In the team of the year race for the WRWA the team of Wasilewski and Kemper hold down the top spot with Dossi and Dossi in second and Shipman and Shipman rounding out the top 3. With just 4 points separating the top 3 teams it is still wide open for a lot of teams.

As with all 2008 LEWT events the Starcraft contingency money will be available if the winners are fishing out of a Starcraft it will be worth an additional $250 and if that Starcraft was purchased at LEWT sponsors Vics Sports Center or Cranberry Creek Marina the win will be worth a total contingency of $500. 

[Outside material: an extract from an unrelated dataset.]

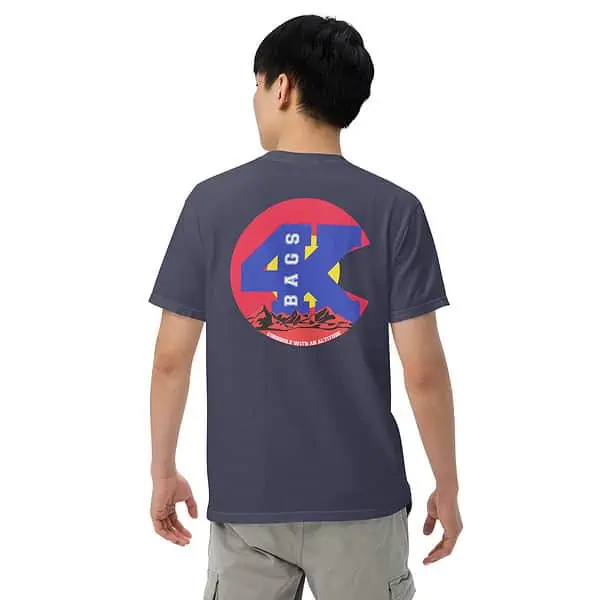 4K Bags Collab Comfort Colors T-Shirt - Image 6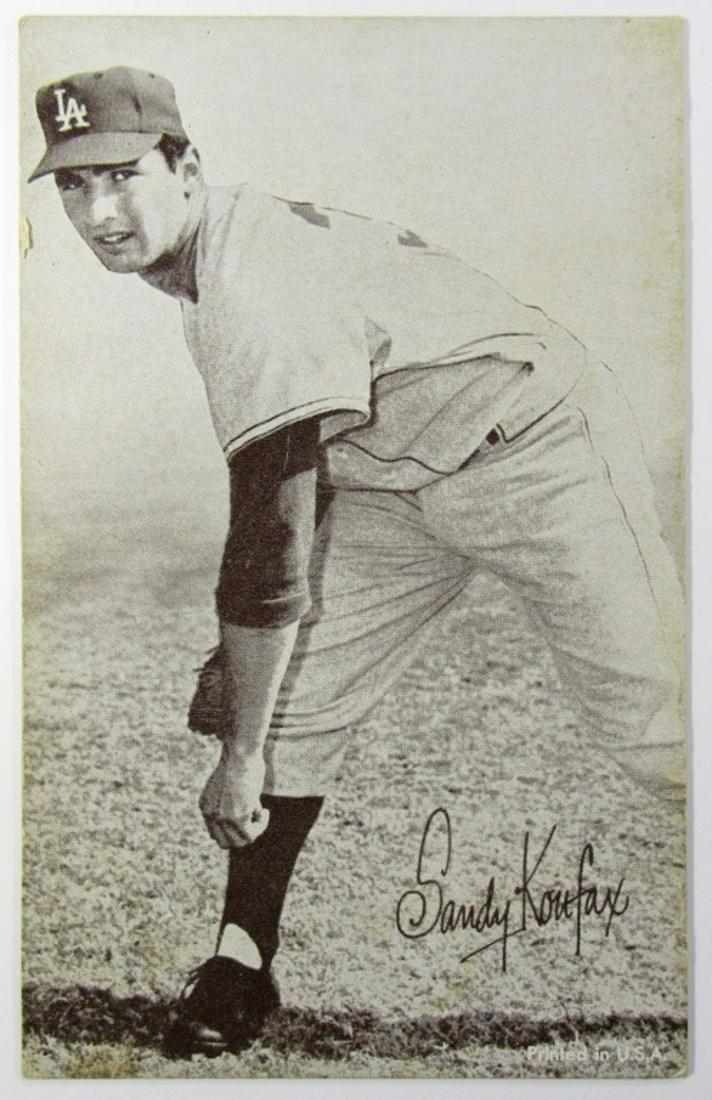 1947-66 Exhibits Stat Back Sandy Koufax (1 of 2)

There will be a non mandatory captains meeting in the back of the boat ramp trailer parking area on Friday night at 7 PM that teams are encouraged to attend. We will review procedures for Saturday morning to help make the launch go smoothly and teams will be able to register if spots remain in the 75 boat limited field and it will also allow for all paper work to be completed.

The Fairport Harbor Rod and Reel Association will be serving food and refreshments at the weigh in for the anglers. They will be there collecting fish donations to be put to good use for their senior citizen fish fry that they have every year. The WBSA and WRWA encourage anglers to donate their catch after the weigh in to help support this good cause.

Here is the remaining schedule for the LEWT and spots remain for Geneva and Lorain.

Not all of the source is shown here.